Awal Desember 2020, Badan Internasional untuk Konservasi Alam (IUCN) memperbarui status 3 dari 6 spesies hiu berjalan (walking shark) langka dan endemik di wilayah timur Indonesia. Status Hemiscyllium halmahera atau hiu berjalan Halmahera berubah dari “belum ada data” (not evaluated) menjadi “hampir terancam” (near threatened).
Sementara, dua spesies hiu berjalan lainnya, yaitu Hemiscyllium henryi (hiu berjalan Teluk Triton Kaimana) dan Hemiscyllium galei (hiu berjalan Teluk Cenderawasih) menjadi “terancam” (vulnerable) pada 2020 dari sebelumnya “kurang data” (data deficient) pada 2012. IUCN sudah mendata status kerentanan satwa dan tumbuhan sejak 1964 yang dikenal sebagai IUCN Red List.
Meski masih ada beberapa tahapan sebelum status “kepunahan” terjadi, status “hampir terancam” dan “rentan” ini memberikan gambaran umum bahwa populasi spesies hiu berjalan di Indonesia tidak aman di habitat asli mereka.
Hal ini juga dipicu bahwa ukuran populasi hiu berjalan kecil dan cenderung sedikit di alam dan hanya tersebar pada daerah yang relatif terbatas.
Sebagai peneliti biologi laut, saya berargumen bahwa spesies hiu berjalan ini harus mendapatkan perlindungan dari pemerintah Indonesia. Ini alasannya.
1) Menjaga keseimbangan ekologi laut
Kelompok hiu berjalan merupakan hasil evolusi 400 juta tahun silam dari kelompok (clade) ikan bertulang belakang, Elasmobranchii. Sama halnya dengan hiu martil karena bentuk kepala yang unik seperti martil, maka nama “hiu berjalan” disematkan karena spesies ini bergerak dengan sirip di dasar laut seakan-akan sedang berjalan.

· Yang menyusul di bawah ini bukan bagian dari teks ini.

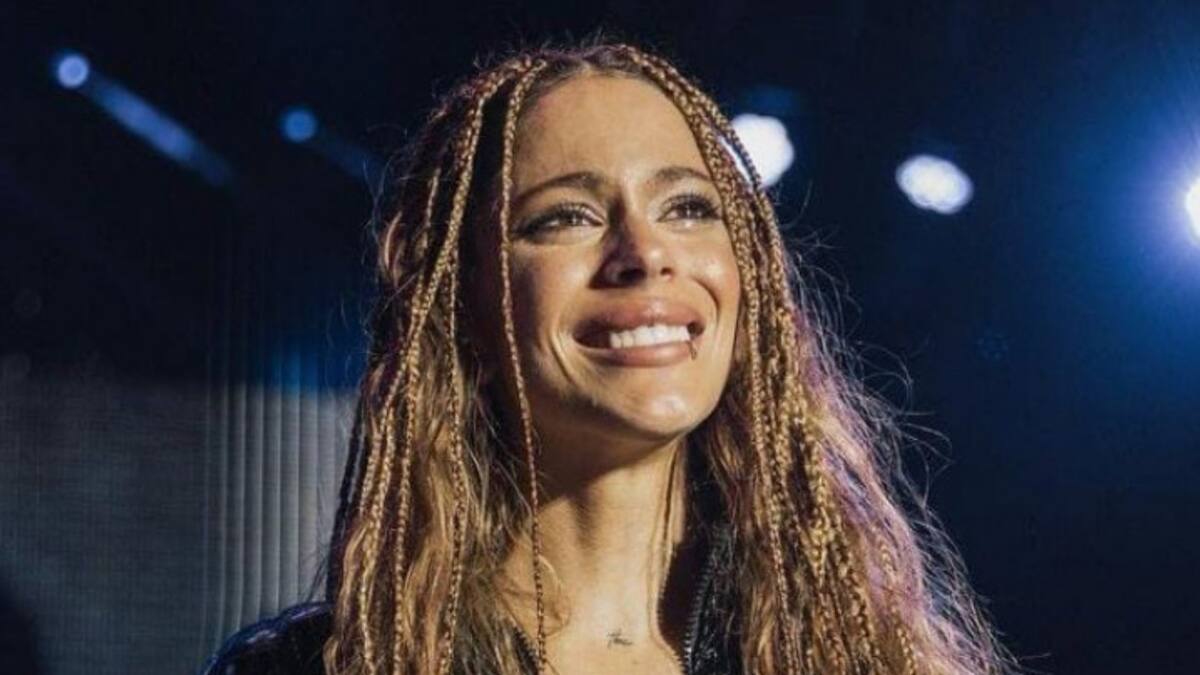 Tini Stoessel. Foto: Instagram.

Namun, di Papua, khususnya Raja Ampat, masyarakat setempat menyebut hiu berjalan ini sebagai “kalabia”.
Di Indonesia, setidaknya tercatat 6 spesies hiu berjalan yang biasanya ditemukan terbatas di sekitar perairan Maluku (Kepulauan Aru), Maluku Utara (Halmahera), Papua (Teluk Cenderawasih Nabire dan Depapre) dan Papua Barat (kawasan Raja Ampat, Teluk Cenderawasih-Wondama, Manokwari, Fak-fak dan Kaimana).
Tiga hiu berjalan lainnya adalah Hemiscyllium freycineti atau hiu karpet berbintik Raja Ampat dengan status “hampir terancam”, Hemiscyllium trispeculare dengan status “risiko rendah” (least concern) dan Hemiscyllium strahani dengan status “rentan” (vulnerable).
Hiu berjalan berukuran relatif kecil, dengan panjang kurang dari 120 cm atau sekitar 2 langkah kaki orang dewasa.
Kalabia biasa ditemukan di perairan dangkal di daerah pesisir Indo-Pasifik. Ia aktif pada malam hari untuk mencari makan hingga daerah pasang surut dan menemukan pasangan.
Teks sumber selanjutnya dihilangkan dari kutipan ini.